Murden had also spoken with AccuWeather via email back during February. Also a grower, he had mentioned that when temperatures dip below 28 degrees and stay below that mark for five hours or longer, the fruit on the branches begins to freeze on the inside, damaging the crop. "Most everyone" saw temperatures drop to at least 21 degrees, he had added.

Texas grape fruit trees encased in ice after a winter storm hammered the state with record cold. (Dale Murden)

The freeze had hit when the groves still had two crops on the trees -- the fruit that was still being harvested and the following season's crop that was beginning to flower. Murden estimated about 60% of the fruit had remained to be harvested at the time.

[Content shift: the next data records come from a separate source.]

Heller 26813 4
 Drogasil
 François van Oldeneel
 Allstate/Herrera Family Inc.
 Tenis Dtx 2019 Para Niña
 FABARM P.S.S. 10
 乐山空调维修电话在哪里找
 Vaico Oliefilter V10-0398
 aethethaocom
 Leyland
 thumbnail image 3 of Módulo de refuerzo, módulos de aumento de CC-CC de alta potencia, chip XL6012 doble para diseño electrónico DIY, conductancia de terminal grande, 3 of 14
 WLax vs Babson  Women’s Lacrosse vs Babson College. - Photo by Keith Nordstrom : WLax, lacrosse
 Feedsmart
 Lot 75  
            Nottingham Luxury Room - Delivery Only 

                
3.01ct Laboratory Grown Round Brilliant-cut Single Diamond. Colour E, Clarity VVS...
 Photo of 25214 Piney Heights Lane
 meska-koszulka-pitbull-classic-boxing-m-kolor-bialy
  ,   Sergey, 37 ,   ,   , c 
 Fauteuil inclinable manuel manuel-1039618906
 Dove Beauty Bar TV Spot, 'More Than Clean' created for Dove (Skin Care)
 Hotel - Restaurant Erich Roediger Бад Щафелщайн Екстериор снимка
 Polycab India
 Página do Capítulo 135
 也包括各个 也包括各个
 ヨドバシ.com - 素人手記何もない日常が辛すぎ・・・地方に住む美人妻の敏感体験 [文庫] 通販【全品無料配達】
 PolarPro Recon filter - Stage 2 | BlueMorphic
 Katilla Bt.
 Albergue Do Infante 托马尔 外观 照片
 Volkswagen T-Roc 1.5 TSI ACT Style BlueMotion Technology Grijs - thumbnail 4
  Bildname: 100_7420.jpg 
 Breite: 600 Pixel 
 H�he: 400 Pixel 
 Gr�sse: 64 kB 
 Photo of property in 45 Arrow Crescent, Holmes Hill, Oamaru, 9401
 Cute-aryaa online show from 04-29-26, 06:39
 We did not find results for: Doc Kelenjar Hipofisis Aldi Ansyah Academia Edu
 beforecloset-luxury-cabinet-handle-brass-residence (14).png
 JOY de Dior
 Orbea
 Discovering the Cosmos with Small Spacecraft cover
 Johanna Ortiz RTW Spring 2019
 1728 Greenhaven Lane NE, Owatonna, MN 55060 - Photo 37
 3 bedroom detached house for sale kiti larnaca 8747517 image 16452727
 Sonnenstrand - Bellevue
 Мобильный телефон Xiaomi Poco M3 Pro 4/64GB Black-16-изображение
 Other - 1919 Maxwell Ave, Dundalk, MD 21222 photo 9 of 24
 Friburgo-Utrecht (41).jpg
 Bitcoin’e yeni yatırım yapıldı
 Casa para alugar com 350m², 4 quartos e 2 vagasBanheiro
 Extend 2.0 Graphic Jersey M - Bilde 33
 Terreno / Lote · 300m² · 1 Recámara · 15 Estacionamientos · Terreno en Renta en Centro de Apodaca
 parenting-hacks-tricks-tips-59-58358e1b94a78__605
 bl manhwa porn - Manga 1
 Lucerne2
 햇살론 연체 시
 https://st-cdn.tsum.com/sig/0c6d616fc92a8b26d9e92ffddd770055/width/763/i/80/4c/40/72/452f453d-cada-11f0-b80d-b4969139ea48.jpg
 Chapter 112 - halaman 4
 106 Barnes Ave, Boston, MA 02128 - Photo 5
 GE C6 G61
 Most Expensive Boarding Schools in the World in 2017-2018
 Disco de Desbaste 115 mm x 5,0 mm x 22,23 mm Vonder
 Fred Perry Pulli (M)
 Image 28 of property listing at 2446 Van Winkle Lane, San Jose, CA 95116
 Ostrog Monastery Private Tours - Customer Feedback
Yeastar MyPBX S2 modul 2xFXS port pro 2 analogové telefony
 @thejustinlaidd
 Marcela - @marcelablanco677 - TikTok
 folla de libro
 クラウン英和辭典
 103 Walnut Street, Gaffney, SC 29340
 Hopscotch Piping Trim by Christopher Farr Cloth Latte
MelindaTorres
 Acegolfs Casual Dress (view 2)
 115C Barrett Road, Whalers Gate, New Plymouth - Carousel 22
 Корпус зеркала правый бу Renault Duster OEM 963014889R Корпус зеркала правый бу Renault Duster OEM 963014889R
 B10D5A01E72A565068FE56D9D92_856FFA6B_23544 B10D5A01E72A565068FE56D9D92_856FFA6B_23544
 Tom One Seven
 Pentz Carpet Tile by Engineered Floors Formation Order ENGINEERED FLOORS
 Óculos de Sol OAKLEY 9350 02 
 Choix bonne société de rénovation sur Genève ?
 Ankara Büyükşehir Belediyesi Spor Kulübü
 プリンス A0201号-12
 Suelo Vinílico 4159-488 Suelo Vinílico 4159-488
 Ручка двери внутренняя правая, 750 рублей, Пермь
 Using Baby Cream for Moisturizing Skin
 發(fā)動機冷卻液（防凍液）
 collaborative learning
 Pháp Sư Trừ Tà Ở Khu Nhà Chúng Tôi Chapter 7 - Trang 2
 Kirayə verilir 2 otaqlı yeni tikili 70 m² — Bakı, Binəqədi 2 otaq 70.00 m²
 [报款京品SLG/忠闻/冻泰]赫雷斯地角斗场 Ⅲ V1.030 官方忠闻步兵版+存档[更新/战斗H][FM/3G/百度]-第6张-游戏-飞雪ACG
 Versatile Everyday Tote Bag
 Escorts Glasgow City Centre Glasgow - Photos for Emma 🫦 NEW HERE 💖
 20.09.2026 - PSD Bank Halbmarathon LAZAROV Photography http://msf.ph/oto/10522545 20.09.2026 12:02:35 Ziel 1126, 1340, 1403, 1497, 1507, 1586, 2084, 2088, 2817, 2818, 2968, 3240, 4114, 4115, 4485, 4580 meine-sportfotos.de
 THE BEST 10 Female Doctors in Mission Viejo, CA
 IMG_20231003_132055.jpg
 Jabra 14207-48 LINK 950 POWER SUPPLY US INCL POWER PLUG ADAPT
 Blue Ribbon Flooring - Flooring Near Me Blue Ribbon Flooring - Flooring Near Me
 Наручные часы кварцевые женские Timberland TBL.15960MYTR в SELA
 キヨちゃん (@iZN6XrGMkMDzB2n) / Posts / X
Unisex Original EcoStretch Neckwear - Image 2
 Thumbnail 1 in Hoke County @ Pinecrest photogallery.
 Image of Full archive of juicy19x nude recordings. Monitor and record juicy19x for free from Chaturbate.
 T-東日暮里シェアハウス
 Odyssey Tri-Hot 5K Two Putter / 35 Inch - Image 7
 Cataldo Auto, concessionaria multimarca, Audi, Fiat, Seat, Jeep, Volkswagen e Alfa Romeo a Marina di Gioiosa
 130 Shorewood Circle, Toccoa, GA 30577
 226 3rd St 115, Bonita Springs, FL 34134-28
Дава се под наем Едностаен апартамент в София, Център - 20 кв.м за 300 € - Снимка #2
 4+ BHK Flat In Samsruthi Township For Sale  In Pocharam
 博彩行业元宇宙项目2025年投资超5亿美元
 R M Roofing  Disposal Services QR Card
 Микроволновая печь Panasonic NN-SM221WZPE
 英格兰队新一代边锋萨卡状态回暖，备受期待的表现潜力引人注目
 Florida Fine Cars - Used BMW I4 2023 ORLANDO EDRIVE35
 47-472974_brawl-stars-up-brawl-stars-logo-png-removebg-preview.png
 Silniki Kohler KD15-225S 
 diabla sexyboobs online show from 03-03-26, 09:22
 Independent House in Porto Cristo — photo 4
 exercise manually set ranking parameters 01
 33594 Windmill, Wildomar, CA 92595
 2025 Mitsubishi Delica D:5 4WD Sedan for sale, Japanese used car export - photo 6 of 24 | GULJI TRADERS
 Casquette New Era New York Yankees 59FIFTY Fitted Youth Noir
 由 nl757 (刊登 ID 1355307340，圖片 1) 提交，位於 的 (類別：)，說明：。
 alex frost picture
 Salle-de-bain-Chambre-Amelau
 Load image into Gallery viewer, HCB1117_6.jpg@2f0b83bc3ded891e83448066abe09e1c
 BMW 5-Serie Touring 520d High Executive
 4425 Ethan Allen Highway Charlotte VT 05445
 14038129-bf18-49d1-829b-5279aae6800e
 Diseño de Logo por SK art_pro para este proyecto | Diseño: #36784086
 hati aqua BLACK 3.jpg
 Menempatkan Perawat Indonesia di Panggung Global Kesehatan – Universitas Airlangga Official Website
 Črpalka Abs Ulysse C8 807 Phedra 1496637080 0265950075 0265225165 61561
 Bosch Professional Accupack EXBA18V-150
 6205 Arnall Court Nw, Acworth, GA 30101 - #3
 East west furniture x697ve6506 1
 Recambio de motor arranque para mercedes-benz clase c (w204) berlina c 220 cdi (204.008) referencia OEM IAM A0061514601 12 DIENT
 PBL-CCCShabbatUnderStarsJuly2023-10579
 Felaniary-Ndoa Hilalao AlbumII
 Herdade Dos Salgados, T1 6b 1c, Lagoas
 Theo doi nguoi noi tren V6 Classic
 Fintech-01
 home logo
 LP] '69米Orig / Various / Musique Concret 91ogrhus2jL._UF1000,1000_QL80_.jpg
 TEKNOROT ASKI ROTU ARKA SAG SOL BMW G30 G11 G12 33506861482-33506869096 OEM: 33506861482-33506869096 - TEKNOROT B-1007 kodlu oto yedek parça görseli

However, winter's scythe cut more significantly into the then-flowering groves' crop that farmers are now waiting to harvest as fruit.

"A lot of these groves were in full flower when that freeze hit," Murden said. "So that legitimately hurt 100% of your next year's crop -- 70 to 80% on the average."

Murden estimates they'll have about 30% of a normal crop this harvest due to the freeze. The fruit that did survive will be harvested closer to late November rather than when the season typically starts around mid-September into early October. The estimated total financial loss from the freeze hovers around $300 million.

This isn't the extent of the damage either.

As they spoke, Murden and Wadell stood beside an empty grove. Normally an acre holds roughly 180 trees, with a standard grove of 20 acres holding thousands of trees. But after February, the decision had been made that it wasn't fiscally worth saving the damaged trees of this particular grove.

"It was just decided that the economics of trying to rehab that grove versus just removing it and replanting at a later date just didn't pan out," Murden said. It wouldn't be the only one to be uprooted and regrown.

"You've seen the groves that didn't make it and that we've pushed out," Murden said. "There's been 2,000 acres of citrus pushed out to date because of the freeze."

Groves that have been uprooted and replanted may not come into production for another three to five years, creating an additional setback in the expected crop.

But while the cold hit hard, the season wasn't a total loss as farmers first feared, and farmers like Murden are looking ahead to rebuilding the groves back stronger as had been done in the past.

"Every time we've had a natural disaster or something like that, we've actually rebuilt better and stronger," Murden said. He added that after the 1983 freeze hit, they had taken the opportunity to switch from growing pink grapefruit to red grapefruit.

"We always come back better and stronger and smarter," Murden said.